John Connolly (loyalist)
John Connolly | |
---|---|
Born | c. 1741 |
Died | 1813 |
Known for | Loyalist during the American Revolution |
John Connolly (c. 1741–1813) was an American Loyalist during the American Revolution.[1]
Connolly was born in Lancaster County, Pennsylvania to an Irish Catholic father who served in the British military and a woman of English descent . He is best known for a plan he concocted with Virginia Governor Lord Dunmore to raise a regiment of loyalists and Indians in Canada called the Loyal Foresters and lead them to Virginia to help Dunmore put down the rebellion. In the early 1770s Connolly was the leading figure at the Forks of the Ohio in present-day Western Pennsylvania in Virginia's claims to the region surrounding Pittsburgh.

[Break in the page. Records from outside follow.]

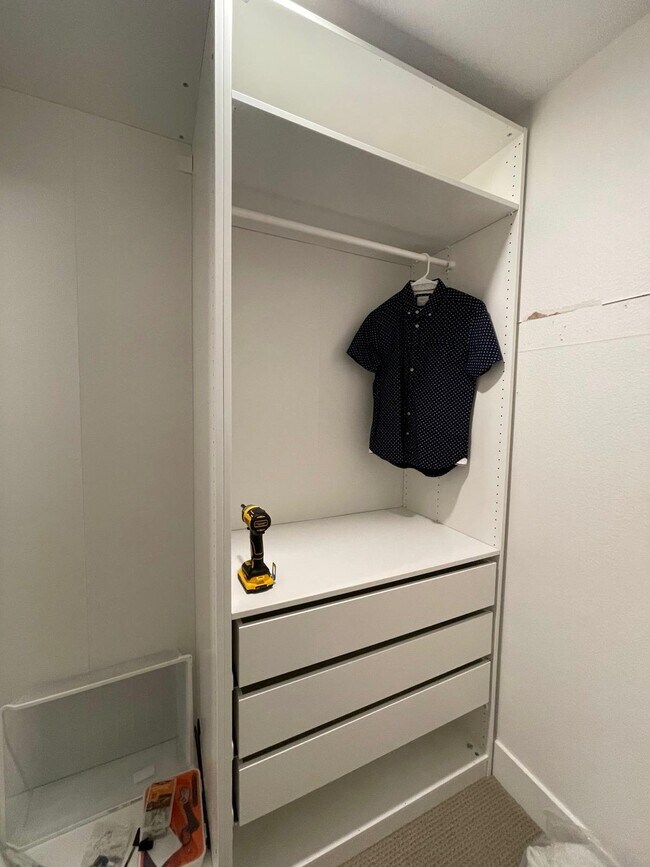 Master Closet - 3835 Heart Cmn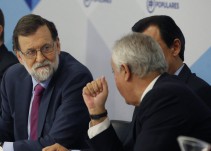 Rajoy pide a los suyos "ser mejores y trabajar más" ante el auge de Ciudadanos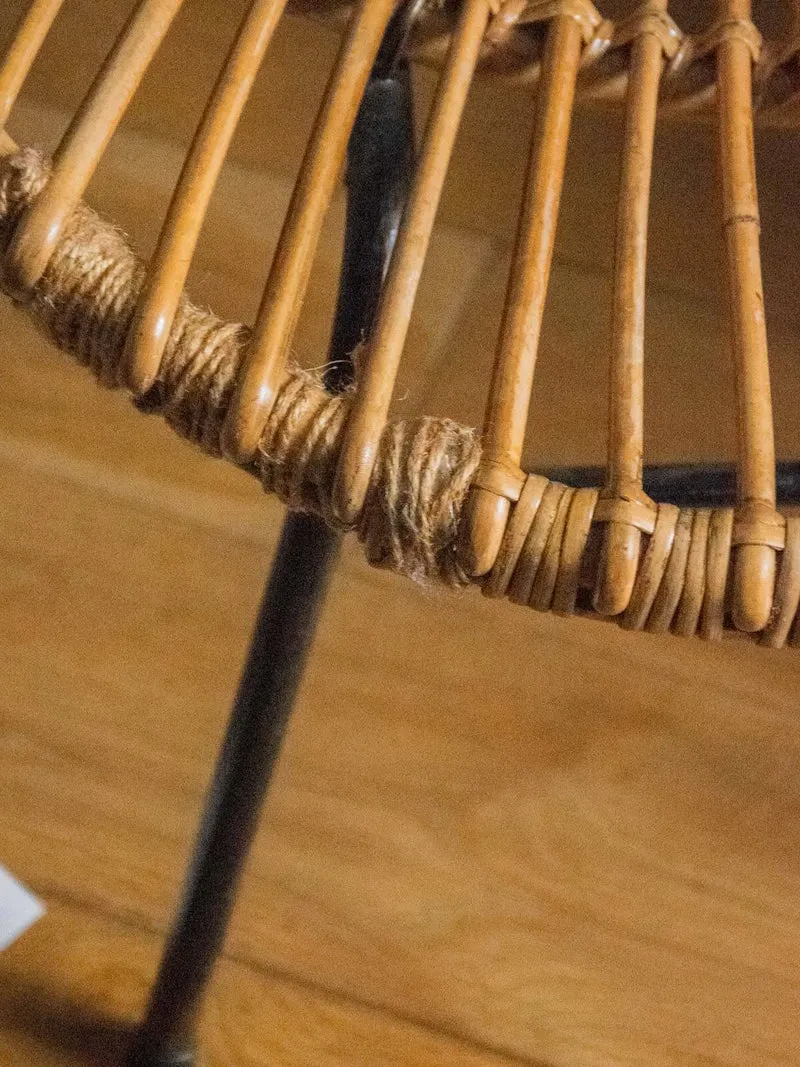 Ernest, le fauteuil en rotin et métal noir N°710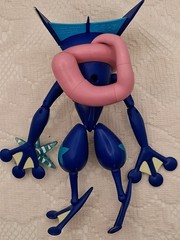 Jazwares Pokémon Super-Articulated Greninja 2021 Action Figure 6” Toy With Stand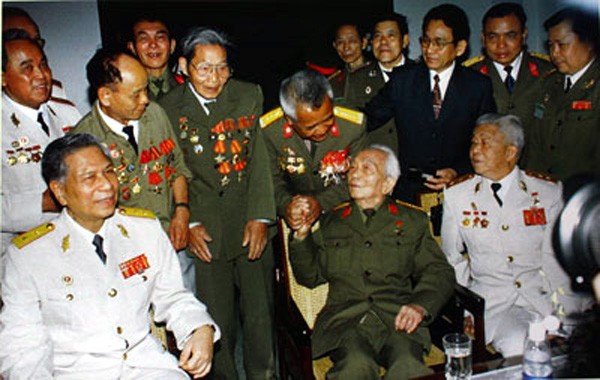 Đại tá Hoàng Đăng Vinh (người được Đại tướng Võ Nguyên Giáp bắt tay) trong một lần cùng đồng đội đến thăm Đại tướng. (Ảnh chụp lại).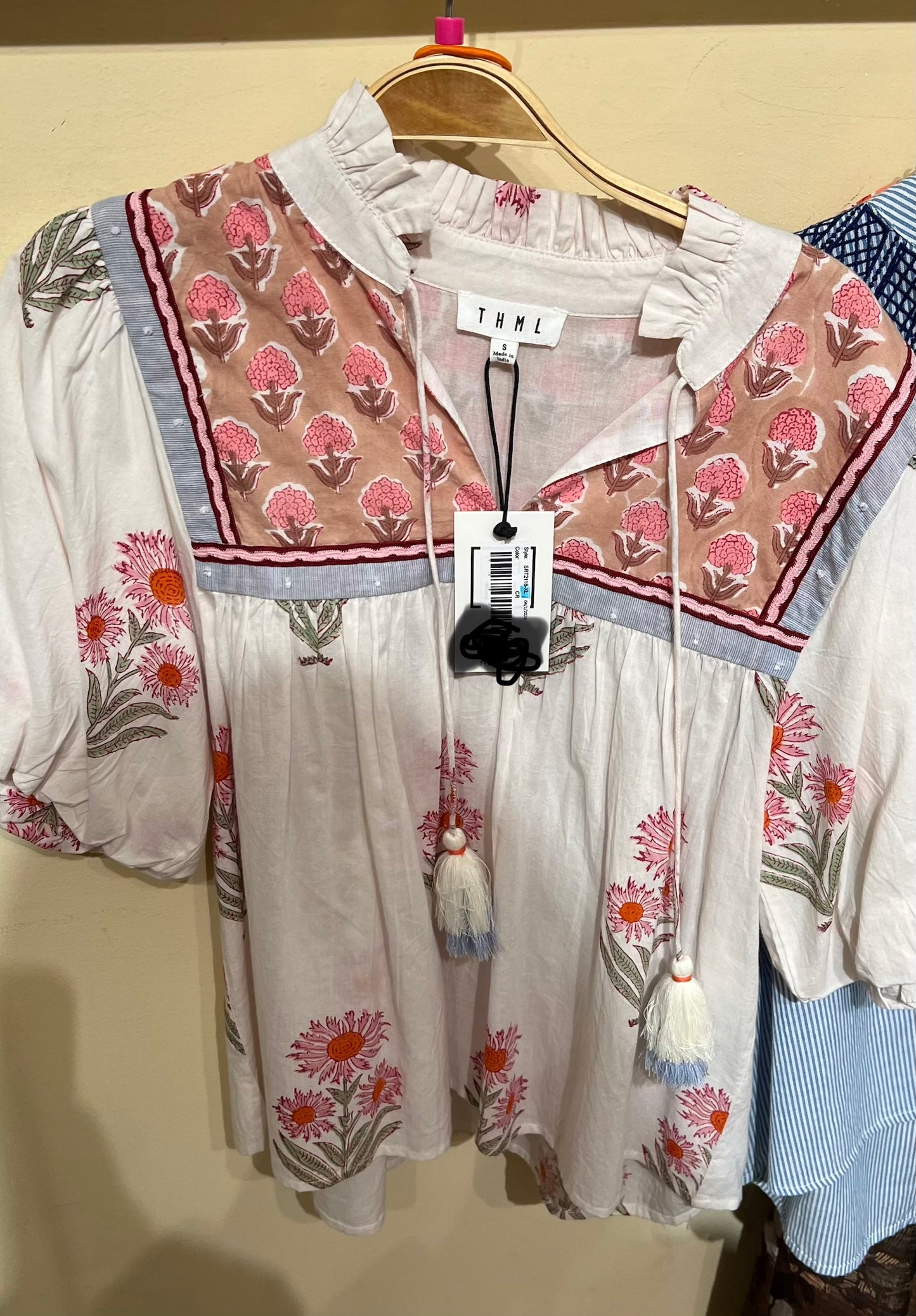 Puff Slv Floral Emb. Top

He was even arrested by the Westmoreland County, Pennsylvania Sheriff for inciting pioneers to ally with Virginia and released on the condition that he would return for trial and stop his crusade only to capture Fort Pitt and declare it for Virginia. Connolly was traveling from Williamsburg, Virginia to Fort Detroit to carry out this plan when he was captured in Hagerstown, Maryland on 20 November 1775. Connolly was imprisoned for the remainder of the American Revolution.[1]
References
- ^ a b Fremont-Barnes, Gregory (2007). Encyclopedia of the Age of Political Revolutions and New Ideologies. Greenwood Publishing Group. p. 147. ISBN 978-0-313-33446-7.